Debt dog lurked under the table



By Chris Gilmour

Two CEOs eventually got up and left the room

Furniture retailers found themselves in all sorts of trouble last year, as consumers avoided taking on more debt and the companies struggled with their own debt burdens. The two prime examples here were Profurn and Relyant.

After a disastrous flirtation with consumer debt, Profurn was absorbed by JD Group while Relyant managed to stay afloat with a big capital injection and new owners.

Relyant lost R633m for the year ended June 2002 and had gearing in excess of 100%. The group embarked on a R792m emergency rights issue, underwritten by German retail group Poco. The Relyant board now includes Poco's Peter Pohlmann and James Moore as well as the evergreen Theunie Lategan and Martin Leigh, both of FNB.

The recapitalisation was not without its detractors, notably from the minorities, who felt they were being further marginalised without being informed, though management hotly disputed this.

Relyant now concentrates much more on retailing and less on its income from financial services. The group is showing signs of settling down, if interim results to December 2002 are anything to go by.
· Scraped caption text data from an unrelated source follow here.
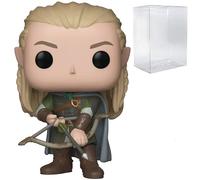 Pop Le Seigneur des Anneaux - Figurine Legolas Funko en Vinyle (livrée avec étui de Protection Compatible), Multicolore, 9,5 cm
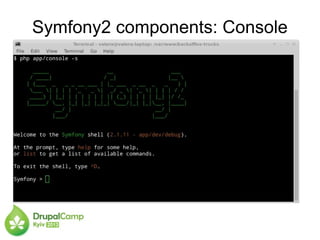 Symfony2 components: Console
 
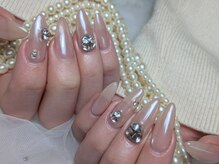 セレンディピティ(Serendipity)/うるツヤミラーネイル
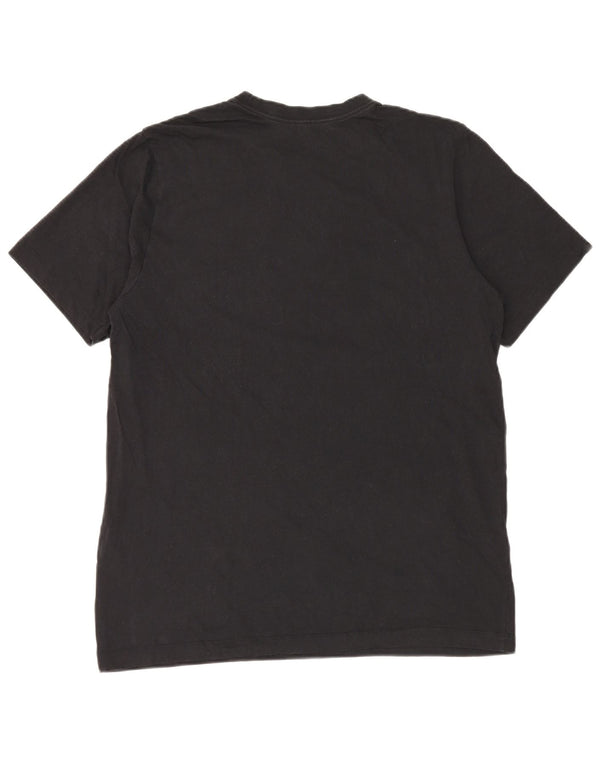 Męski T-shirt z grafiką NIKE, duży, czarny, bawełniany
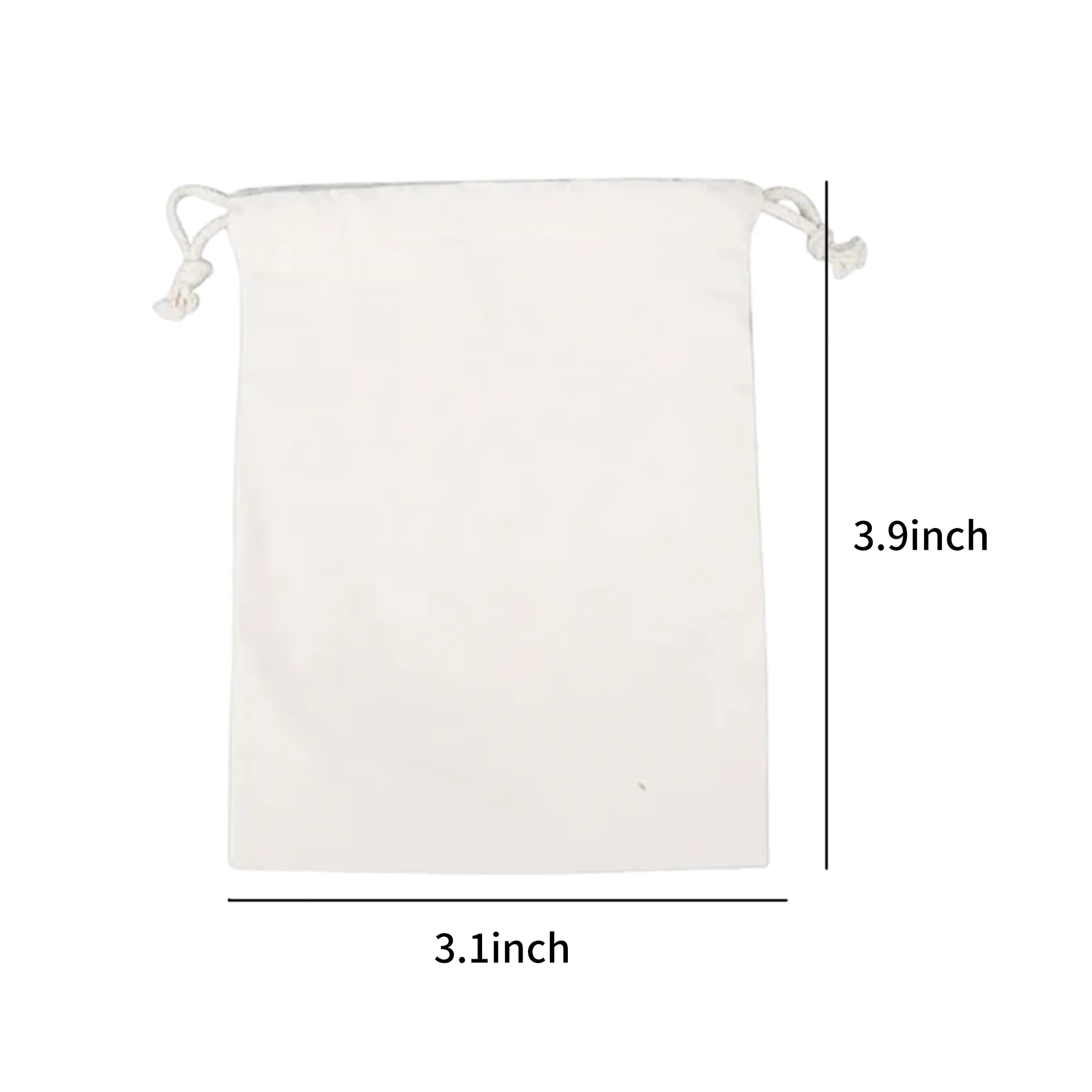 Canvas Drawstring Bag 15x13.8 Inch 1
Ambient trading conditions remained poor and this, combined with stricter credit-granting procedures, resulted in a 12,5% drop in credit sales. Cash sales rose 10%. Profitability improved, the result of reducing overheads and decreasing net financing costs. Gearing was down significantly, but is still at 50%.
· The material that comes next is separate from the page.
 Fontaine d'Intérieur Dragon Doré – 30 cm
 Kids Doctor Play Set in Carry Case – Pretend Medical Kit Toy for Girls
The outlook remains uninspiring but the stronger balance sheet at least gives some hope. CEO Chris Wells stepped down at the time of the publication of the interim results "to seek fresh challenges".
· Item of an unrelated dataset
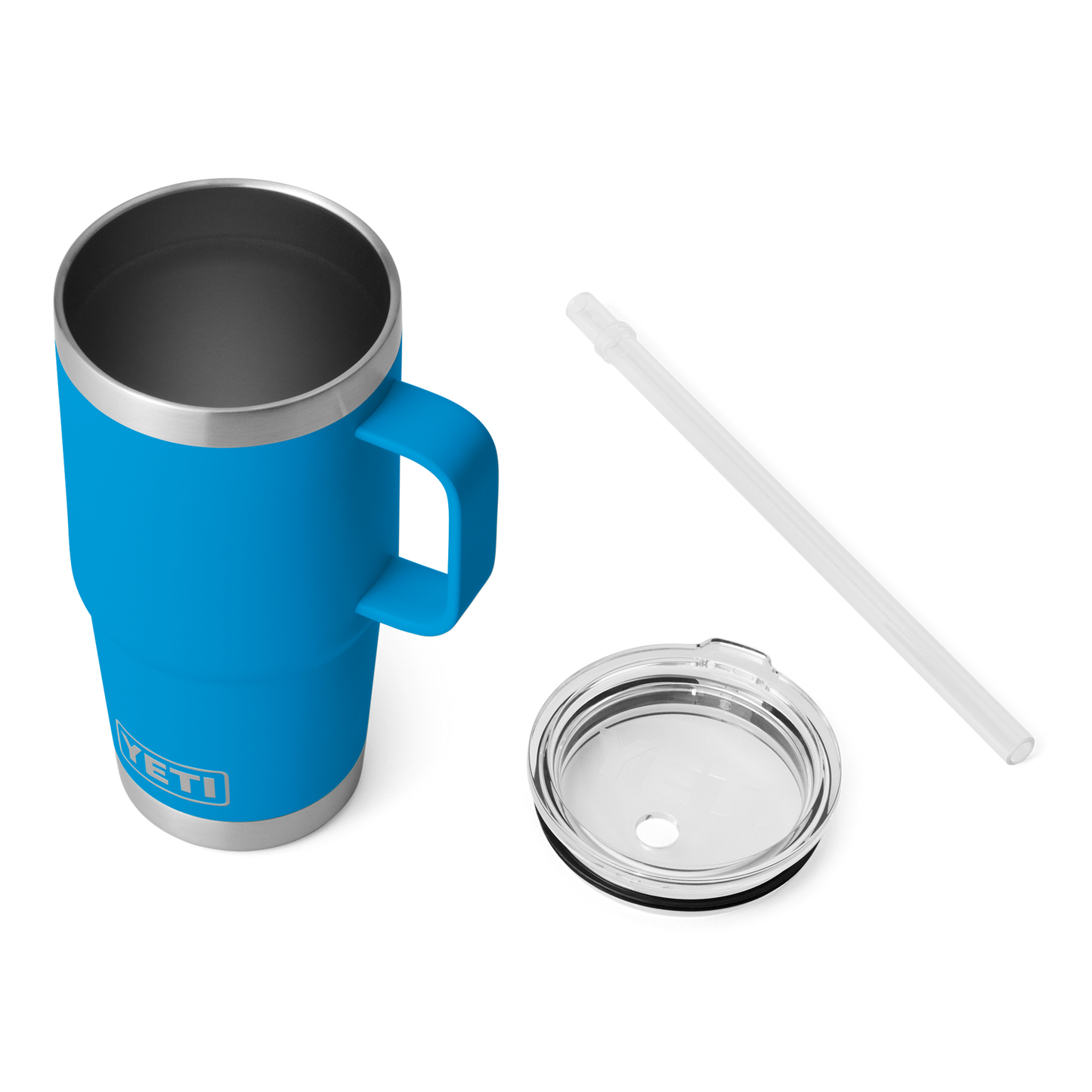 YETI Rambler® Mok Van 25 oz (710 ml) Met Rietjesdeksel Big Wave Blue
Profurn's demise was larger and more visible, but perhaps less surprising. For years, observers had been predicting Profurn's failure but the mercurial CEO of the time, Gavin Walker, always managed to sidestep suggestions that the group was in trouble. Walker's resignation in March last year, not long after a restatement of the group's results, came as little surprise to the market.

Profurn made its investors a lot of money in the late 1990s but they ended up giving it all back again, as the accompanying graph illustrates only too well.

JD Group finally got the green light to take over Profurn in December 2002. JD had been prevented from taking over Ellerines two years earlier and nobody was taking bets on the outcome of the competition tribunal's decision. It seems the swing factor in letting the merger go ahead was the need to preserve employment in the furniture industry generally.

The industry is now looking healthier than it has in a while, but it may take a couple of years yet for the effects of the profound consolidation to be felt fully.

It's a sector that has had more than its fair share of cavalier operators, like Rusfurn in the 1980s and Profurn more recently.